La Lega e le donne, un conflitto sempre più evidente

Commissione pari opportunità ridotta da 24 a 8 partecipanti. L'opinione dell'ex parlamentare trevigiana Laura Puppato: «Un pessimo segnale che va combattuto in modo forte, quotidiano»

Laura Puppato

E’ da tempo che i segnali giunti dalla parte più destrorsa e conservatrice del governo giallo-verde preoccupano il mondo femminile, il caso Verona contro la 194, il ddl Pillon sull’avviso condiviso, l’incontro mondiale sulla famiglia tradizionale...ma ora l’attacco si fa più locale, spudorato ed evidente. Una città importante come Treviso vede demolire, brutalizzandone la partecipazione, la commissione che si occupa delle pari opportunità, come se il tema non esistesse. Quale migliore conferma per negare un problema cancellarne  il centro di valutazione e discussione?  Niente telefoni azzurri o rosa, niente rappresentanza delle diverse forze politiche, niente associazioni che si occupano di violenza domestica e integrazione per le migranti...

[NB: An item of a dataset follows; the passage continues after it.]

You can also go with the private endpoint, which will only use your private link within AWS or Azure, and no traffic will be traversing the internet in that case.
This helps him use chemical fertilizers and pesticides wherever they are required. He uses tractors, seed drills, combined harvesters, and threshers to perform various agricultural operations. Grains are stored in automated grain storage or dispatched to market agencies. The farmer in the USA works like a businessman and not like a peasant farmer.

Per eliminare un tema grande come una casa come le mancate pari opportunità, per la Giunta Conte di Treviso basta negarne l’esistenza. In effetti così si è sempre fatto nella storia dei regimi, vietare la partecipazione, soprattutto quella competente e consapevole, rende tutto più lontano, nominale, meno interessante fino a morte naturale di commissioni sotto-sotto, considerate inutili...pure una palla al piede in molti casi. Ma qual è la condizione della donna veneta ed italiana oggi? Le donne sono un valore anche economico fondamentale, la Banca d’Italia afferma che se il 60% delle donne italiane lavorasse avremmo un incremento del 7% di PIL, non staremo al 70’ posto del Global gender Gap Index tra i peggiori Paesi d’Europa, 25.000 lavoratrici l’anno lasciano il lavoro dopo il primo figlio, il 25% rinuncia alla maternità per ragioni professionali o di scarsi servizi, ricevono uno stipendio mediamente inferiore del 20% agli uomini e nel 35% dei casi inferiore al reddito minimo di 780€.

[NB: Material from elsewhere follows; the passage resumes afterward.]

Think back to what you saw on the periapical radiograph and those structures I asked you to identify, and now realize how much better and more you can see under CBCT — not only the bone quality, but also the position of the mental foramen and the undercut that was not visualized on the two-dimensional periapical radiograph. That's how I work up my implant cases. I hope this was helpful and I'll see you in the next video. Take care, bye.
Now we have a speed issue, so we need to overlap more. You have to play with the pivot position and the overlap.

Inoltre la violenza verso le donne con omicidi efferati continua in una escalation senza fine, al punto da coniare il termine femminicidio come causa di morte, una piaga pari a oltre un terzo di tutti gli omicidi, uno ogni 72 ore. Mentre le molestie sono diventate una piaga quotidiana. Dunque negare che vi sia necessità di un’adeguata rappresentanza in seno alla commissione pari opportunità è molto grave, si nega il diritto a conoscere e a lavorare insieme per far crescere quella cultura indispensabile a far maturare vera civiltà di rapporti e coesione sociale. La lega va diritta verso un ritorno al passato più brutale, senza rispetto della donna e senza confronto. Un pessimo segnale che va combattuto in modo forte, quotidiano. A partire da oggi.